Puede que durante la semana, entre el asunto de Gibraltar, la penúltima astracanada de Trump y los siempre aparatosos Presupuestos Generales del Estado les haya pasado desapercibida esta noticia. Es normal, quizás haya demasiado ruido. Y sin embargo se trata de uno de los hechos más relevantes de la vida reciente de este país, un auténtico game changer, como dicen en Estados Unidos. Hablo del desarme de ETA. Hablo del fin -ahora sí- del terror.
Para mí, que me crie durante los ochenta y los noventa, los asesinatos de ETA fueron la banda sonora de mi preadolescencia mientras crecía cruzando aquellos años de plomo. Aunque no tenía edad suficiente para captar todos los detalles, si que recuerdo el dolor, el espeso manto gris del miedo y sobre todo la coraza social que se iba creando para protegerse de aquel veneno de destilación lenta.
También recuerdo a mi padre, alcalde por entonces de un pequeño ayuntamiento rural, mirando los bajos de su coche algunas mañanas, después de un discreto recado de la policía. Recuerdo el punto de inflexión del asesinato de Miguel Ángel Blanco, cuando ETA cruzó un Rubicón que resultó ser demasiado ancho para la banda y se ahogó socialmente en el intento. Recuerdo, en fin, todos los golpes policiales que finalmente acabaron con lo que un día fue una de las bandas terroristas más poderosas de Europa y la transformó en una tropa deshilachada y mal armada, que invertía más tiempo en huir que en matar y aún así, seguía siendo peligrosa.

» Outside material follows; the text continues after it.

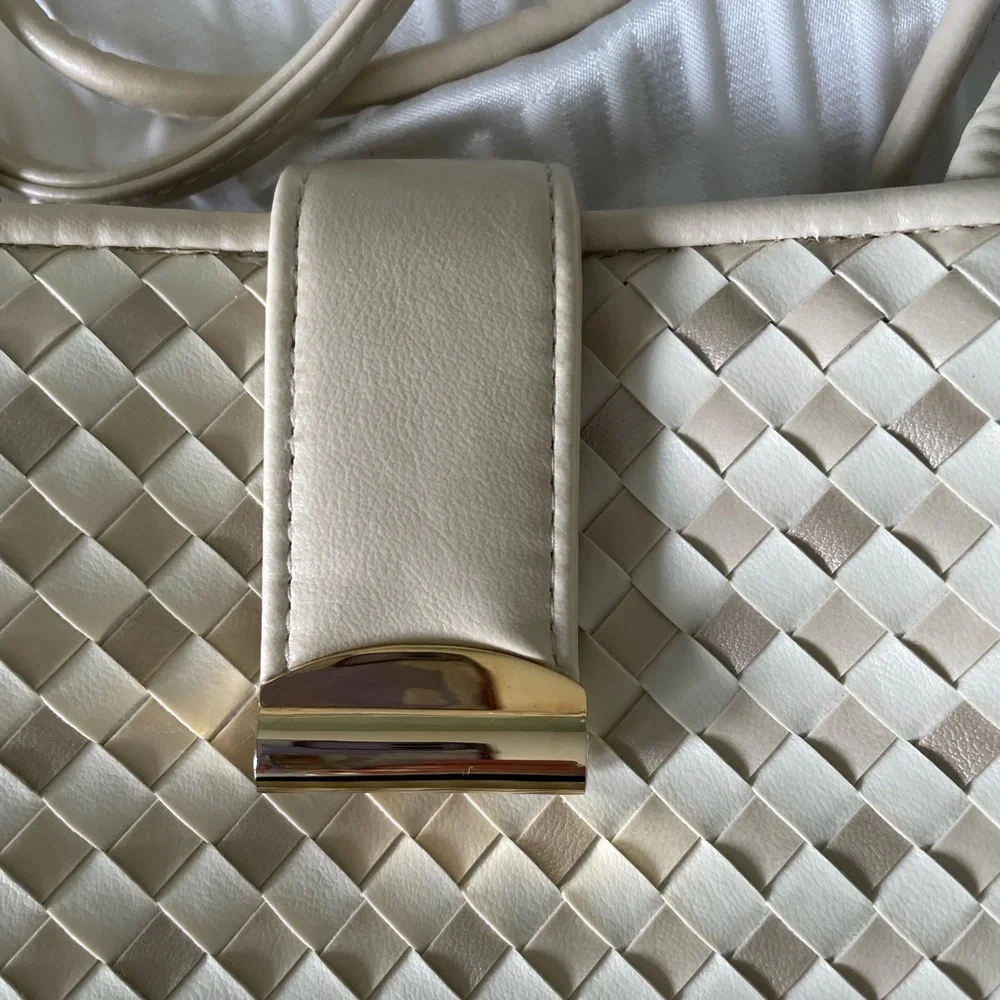 Elegant Cream Woven Shoulder Handbag - 2 Tone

Esta noticia llega demasiado tarde y quizás por eso ya no es noticia. ETA fue aplastada, social y policialmente, hace mucho tiempo. Su derrota ha sido estruendosa en todos los frentes: ni han conseguido sus objetivos políticos, ni la amnistía de sus presos y ni siquiera un lugar en la historia. A diferencia de sus sanguinarios primos irlandeses del IRA, que supieron bajarse del carrusel a tiempo y por ello encontraron su sitio y el camino de la reconciliación, ETA se ha podrido en el árbol, demasiado enfrascada en sacudirlo para que otros cogieran los frutos.
Ahora llega el final, amargo y a destiempo, cuando ya no es noticia para nadie. La banda, que no mata desde la tregua que decretaron hace años (y que en gran medida fue obligada porque cada vez le resultaba más complicado actuar, dada la efectiva acción policial) se rinde, de la misma manera que lo hizo Hiro Onoda, aquel teniente del Ejército Imperial japonés que entregó las armas en 1974 sin saber que la guerra había acabado treinta años antes.
Como el japonés, los miembros de ETA llegan tarde a la historia. Solo el tiempo y el perdón de las víctimas, si es que se atreven a pedírselo, podrán absolverlos.